The imperfect correlation of race with geographic ancestry (what the genetic variation actually determines) hurts the ability to use racial groups to predict phenotype.

"Lots of medical conditions are highly correlated with race in the folk-taxonomy phenotype-based concept of race."

True for rare recessive disorders, but frequently over interpreted. These correlations are almost exclusively the result of founder effects/bottlenecking/genetic drift, not selection. Quantitative traits, which are the majority of disease phenotypes, do not correlate well. Preventative medical interventions taken based on race for these conditions tend to be very low risk and are prescribed inefficiently (many treated people needed to see one beneficial outcome), such as diet, exercise, and statins. Race provides little predictive power outside of the extremes.

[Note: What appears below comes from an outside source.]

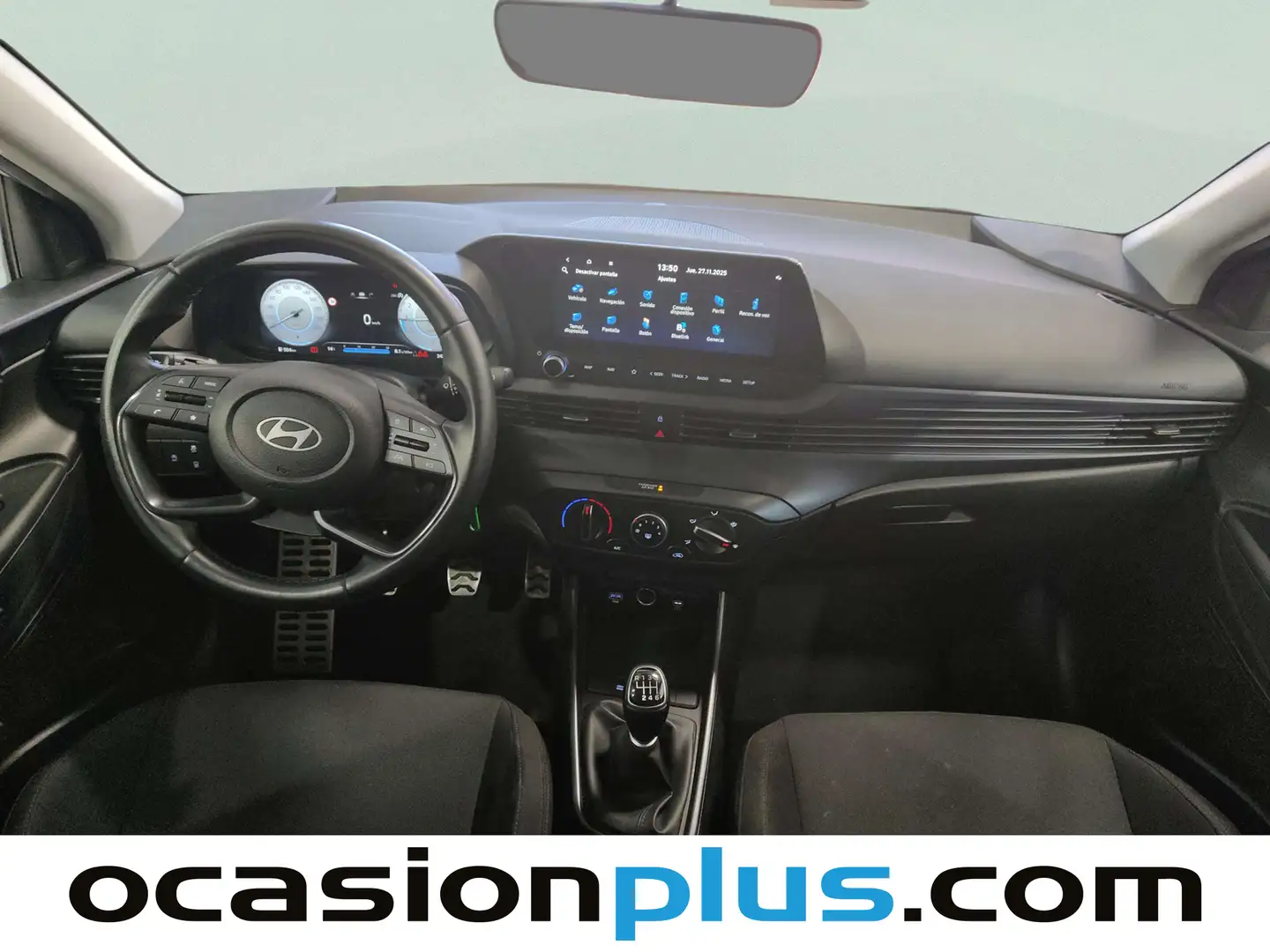 Foto Hyundai Bayon Hyundai Bayon 1.0 TGDI 48V Maxx (100 CV)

The difference between race and sex is that exceptions from the male/female dichotomy are rare, genetic abnormalities. While there are clusters of geographic ancestry, the exceptions in the continuum between these clusters are normal and the genetic variation is consistent with random, genetic drift.

"Ernst Mayr, who came up with the commonly used definition of "species" in biology, says race is just as valid a concept."

Absent data, Mayr's opinion is irrelevant regardless of previous contributions or his acknowledged brilliance. Furthermore, he did not have access to the expansive sequence data we have today. I would not presume to guess how these data would affect his opinion.

""Population" is just another word for "race" in genetics. A euphemism, if you will."

I won't. Race is a sloppy term that some equate to population. It does not go in the other direction. Population has explicit meaning. Race is one potential way to define a population. Race is a sub-optimal tool for defining discrete populations and adding efficiency to predictions.

"When discussing non-human species, scientists have no problem using the term "race"."

Personally, I do not know scientists (which puts both of our conclusions somewhere between all scientists and none) who discuss "races" of non-human species. You will hear the term "ecotypes," which implies adaptation to local environmental conditions. Just because scientists use the term does not make it valid.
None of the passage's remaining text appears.